Which brings me to the subject of negative reviews in particular, and my personal approach to them. While I completely understand that some authors choose to refrain from posting negative reviews of their peers’ work, this isn’t something I feel comfortable with. The reason I review at all is to engage in conversation about a particular work, and the idea of abstaining from that simply because I tell stories as well as read them isn’t one that appeals to me. It’s important to note, however, that I’m not a big name author – quite the opposite, in fact – which means that, in the vast majority of instances, my public dislike of a book will have little to no impact on its sales, its general perception and the self esteem of the author. Should that situation ever change, I might well rethink my policy, or at least be extremely judicious about which books I review, because as much as I enjoy writing about stories, popularity (I think) comes with an inherent responsibility to use it, well… responsibly. And the thing about speaking to the mob – or fans, or readers, or any other large group people inclined to pay attention to you – is that you can’t control its reactions, or account for the comprehension of its individual members. And while that doesn’t preclude you from having opinions, it should certainly behoove you to consider what the negative consequences of voicing them might be.

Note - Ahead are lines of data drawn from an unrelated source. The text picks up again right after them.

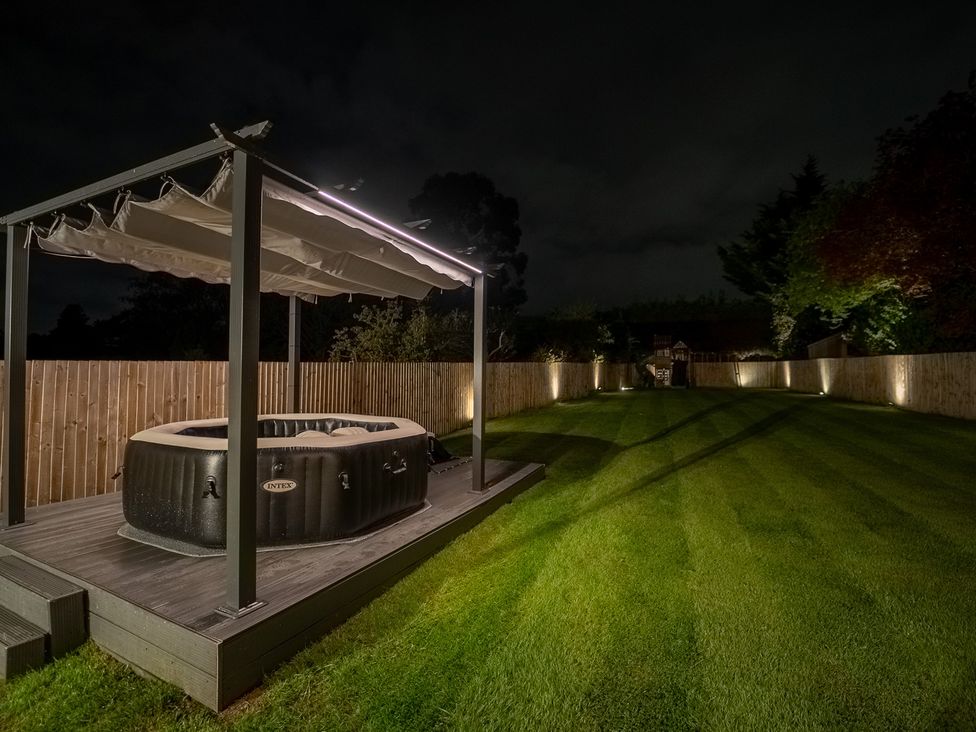 A garden with a hot tub and deck at 29 Batchworth Lane Northwood, Hertfordshire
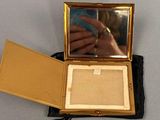 someone is taking a picture of themselves in a mirror in a gold case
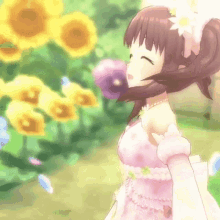 a girl in a pink dress is blowing bubbles in front of a field of sunflowers .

But, I digress: for now, I’m a little-known author more widely recognised for her blogging than her books, which gives me comparative leeway to talk about the things I dislike without worrying that I might accidentally break someone else’s career. (Even so, while I sometimes post positive reviews on my blog, I restrict any negative ones to Goodreads, which feels like the more appropriate place to put them. To me, this is a meaningful professional distinction: unless I actively want to cheerlead for a particular author – and sometimes I do – reviews, whether good or bad, belong on the review site. Simple as that.) And when I do write reviews, I always try to think about why I’m bothering. It’s not my policy to review every single book that I read, or even a majority of them: I only do so is if there’s something about a given story, be it good or bad, that seems to invite discussion. In instances where it’s a negative thing, I try to be very certain about what, specifically, I’m objecting to. Am I morally outraged by something in the text? Does a particular character rub me the wrong way? Does either the plot or the worldbuilding have a hole in it? Is the writing style jarring, or does the author have narrative tic I find irksome? Is it a combination of factors, or just one thing in particular? It’s important to stop and ask these questions, particularly if your emotional reaction is a strong one. Don’t let the popularity of a book overly influence your critical judgement of it, either: by all means, be angry and flabbergasted that something you didn’t enjoy is selling like hot cakes, but unless you’re making a specific argument about successful trends in fiction, keep it out of the review – after all, you’re trying to asses the book itself, not pass judgement on its readers. (And if your review is less about the strengths or failings of a work than it is about mocking its fans, then I’m going to count it unhelpful, and therefore bad.)  And even if you are discussing narrative trends, blind anger at their existence is ultimately less useful than a lucid deconstruction of what they represent and why you find it problematic.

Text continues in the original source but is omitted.